Par Luc ARRONDEL*

En 1990, le milieu offensif belge, Jean-Marc Bosman, est libéré de son contrat avec le Royal Football Club de Liège et désire être transféré à Dunkerque. Le club belge refuse de le laisser partir sans indemnités et le club français refuse de les payer. Le joueur saisit alors la Cour de justice des Communautés européennes qui va lui donner raison avec le célèbre « arrêt Bosman » de décembre1995. Mais les indemnités ne sont qu’une partie finalement mineure de l’histoire puisque c’est une autre décision de l’arrêt qui va marquer un point de rupture dans le monde du football : l’existence d’un quota empêchant les clubs européens d’avoir dans leurs équipes plus de trois joueurs étrangers est jugé non conforme au droit européen. Cet « arrêt » consacre définitivement la liberté de circulation des joueurs au sein de l’Union Européenne, comme n’importe quel salarié. Mais le marché du travail des footballeurs est devenu celui qui sans doute est le plus globalisé et qui fonctionne de manière totalement ouverte.

Depuis 1995, les contrats des footballeurs sont des contrats à durée déterminée (CDD) de 5 ans maximum (jusqu’au début des années 1970 et la Charte du football professionnel, les contrats étaient « à vie ») et lorsqu’un club veut acheter un joueur sous contrat, il paie des indemnités de transferts au club vendeur ; les joueurs qui ne sont pas sous contrat sont libres de changer de clubs.

« L’arrêt Bosman » marque le début d’une forte augmentation des transferts, surtout internationaux. Avant 1995, le nombre de mouvements (arrivées + départs) pour les effectifs des équipes premières en France ou en Angleterre (mais le phénomène est le même dans les autres championnats) se situaient entre 200 et 300 par an, alors qu’après cette date le nombre de mouvements oscille entre 300 et 400 par saison (+35% en moyenne). En conséquence, le nombre de joueurs internationaux qui jouent en Ligue 1 a plus que doublé sur les trente dernières années : 22% en 1990 vs. 48% aujourd’hui.

Les transactions dans le Big Five avoisinent les 6 Md€

Parallèlement, les montants des transferts se sont envolés à partir du milieu des années 1990 pour atteindre régulièrement dans les années récentes les deux milliards d’euros en Premier League et osciller entre 500 millions et un milliard d’euros en Ligue 1 (cf. graphique). Globalement, les transactions dans le Big Five avoisinent aujourd’hui les six milliards d’euros.

Mais cette inflation des transferts n’est pas due simplement à l’arrêt Bosman. Elle n’a été possible que parce le monde du football est une économie en forte croissance : depuis 1995, les revenus de la Premier League, souvent le principal acteur du mercato, ont été multipliés par six, pour approcher aujourd’hui les six milliards d’euros. Ailleurs, cette croissance a également été importante (environ 10% par saison) dans tous les championnats du Big Five.

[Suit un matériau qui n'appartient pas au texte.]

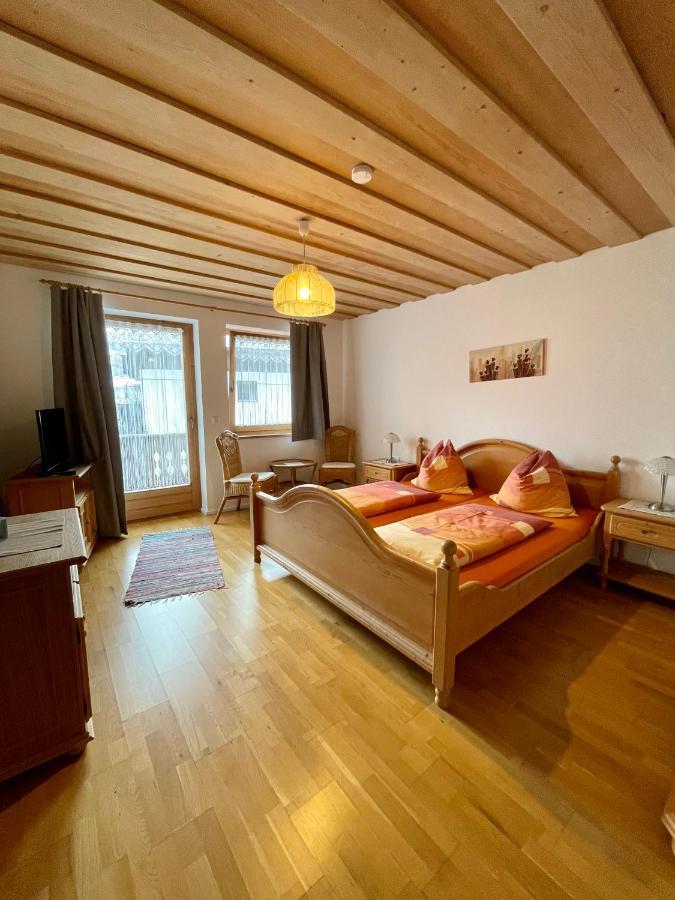 Appartment Doerler Kirchberg in Tirol Bagian luar foto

Comme la forte compétition entre les clubs pour gagner des titres est une sorte de « course à l’armement », ce sont principalement les joueurs, notamment les stars (la segmentation du marché du travail s’est accentuée), qui par leurs salaires ou leur « valeur », ont capté cette rente (entre 50 et  80% du budget des clubs européens en moyenne), issue principalement de l’augmentation considérable des droits TV et du sponsoring, mais aussi de l’arrivée dans le monde du ballon rond, des milliardaires et des États.

Montants des transferts en EPL et en Ligue 1

Source : Arrondel L. et Duhautois R. L’argent du football (à partir de Transfertmkt)

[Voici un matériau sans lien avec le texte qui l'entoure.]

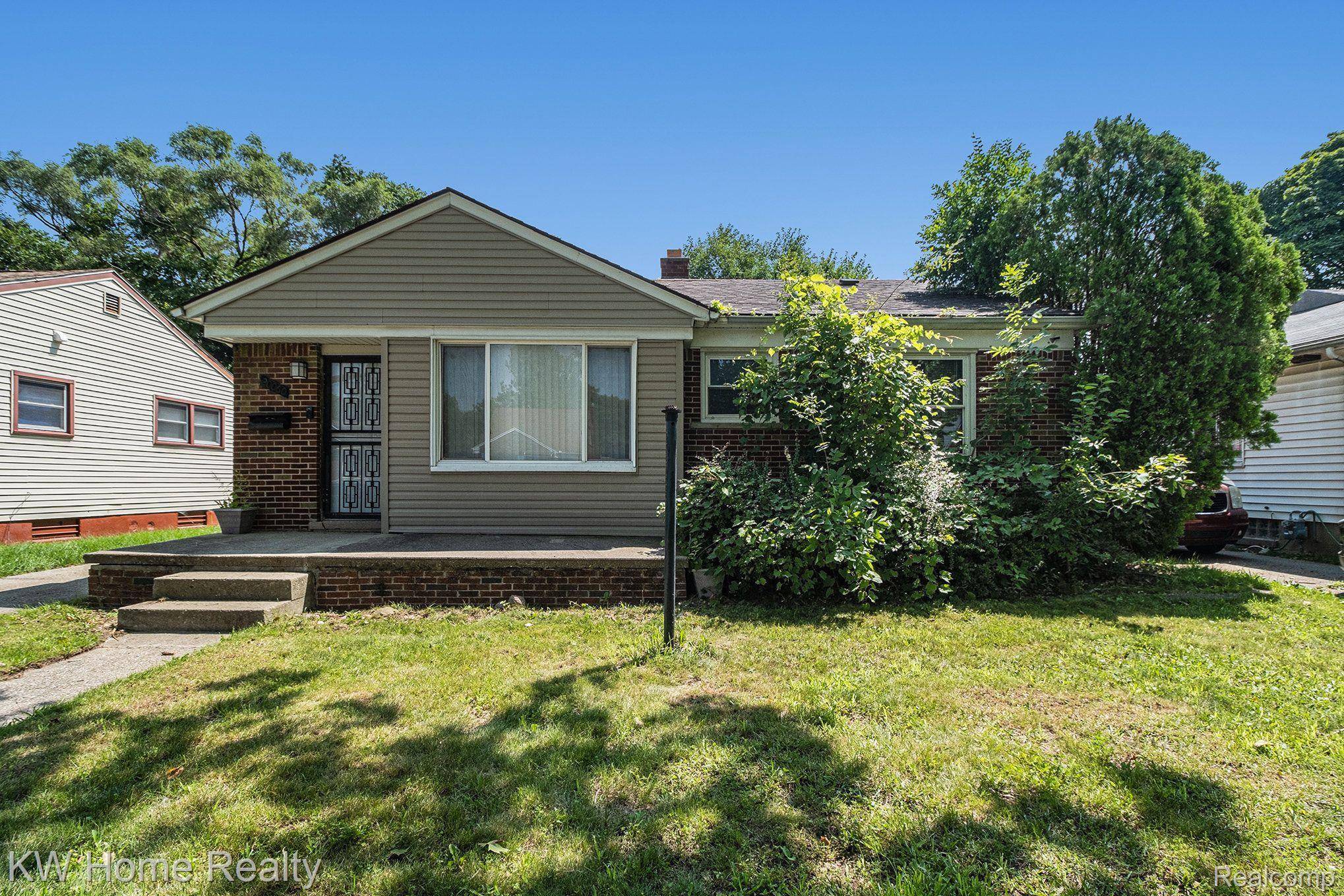 Detroit, MI 48234,20060 KEYSTONE ST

Ces évolutions ont eu également de fortes répercussions sur la nature de la formation avec aux deux extrêmes, des clubs « riches » qui achètent sans former et des clubs « pauvres » qui forment pour vendre, et avec des transferts internationaux qui concernent des joueurs de plus en plus jeunes. Depuis une vingtaine d’années, la Ligue 1 n’équilibre d’ailleurs ses comptes financiers que grâce à une balance des transferts excédentaires.

* Luc Arrondel est directeur de recherche au Centre National de Recherche Scientifique (CNRS), chercheur à l’école d’économie de Paris (PSE). Il est également professeur associé à la Paris School of Economics. Il anime le séminaire « Football et sciences sociales » (PSE-Cnam) avec Richard Duhautois avec lequel il a écrit L’Argent du football (Cepremap, 2018) et Comme les garçons : l’économie du football féminin (Éditions rue d’Ulm, 2020).